Design my own resnet using torch.nn.Sequential, possible?

Hello

I have been playing with a basic fully connected neuralNet using the Sequential function.

dcn.NN = torch.nn.Sequential(
torch.nn.Linear(dcn.d, dcn.hidden_d, bias=True),
torch.nn.ReLU(),
torch.nn.Linear(dcn.hidden_d, dcn.hidden_d, bias=True),
torch.nn.ReLU(),
torch.nn.Linear(dcn.hidden_d, dcn.hidden_d, bias=True),
torch.nn.ReLU(),
torch.nn.Linear(dcn.hidden_d, dcn.hidden_d, bias=True),
torch.nn.ReLU(),
torch.nn.Linear(dcn.hidden_d, dcn.output_d, bias=True),
torch.nn.Softmax(dim=1)
)

I know that pytorch has a pre-packaged resnet in the library.

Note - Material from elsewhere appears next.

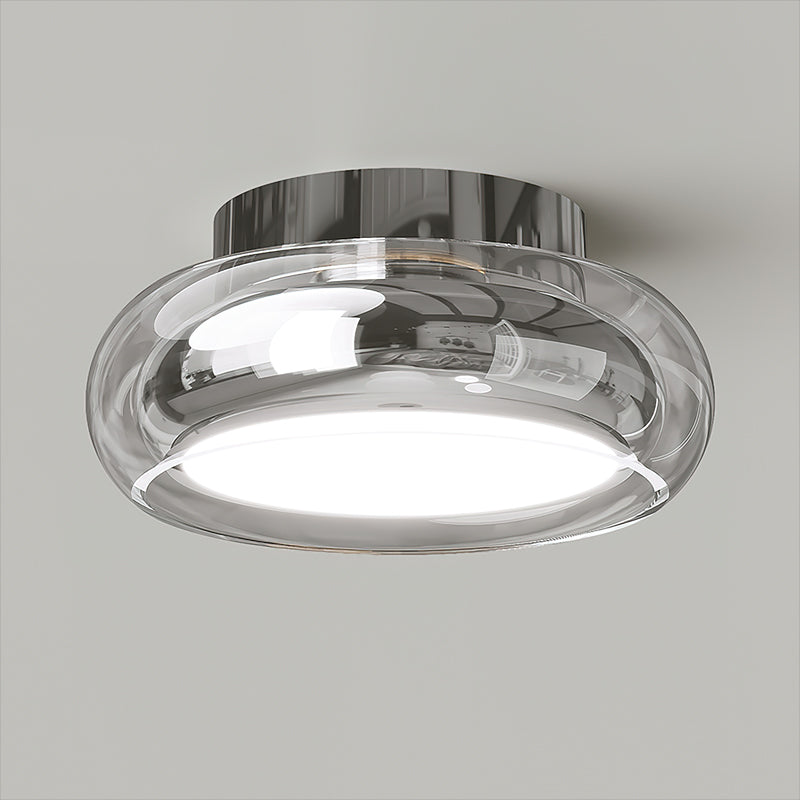 WINTHROP AERIE GLASS CEILING ILLUMINATION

But to my understanding, it is a CNN. If I want a basic fully connected neuralNet with resnet structure, I assume I would need to build it myself? If so how do I do it using the Sequential function? Or do I have to do it without using the Sequential method?

Thank you in advanced.

Chieh

1 Like

you have to do it without the Sequential container, because you have to do the += operation (i.e. residual connection)

I also want to know. Duplicate: How to have Residual Network using only Sequential Blocks?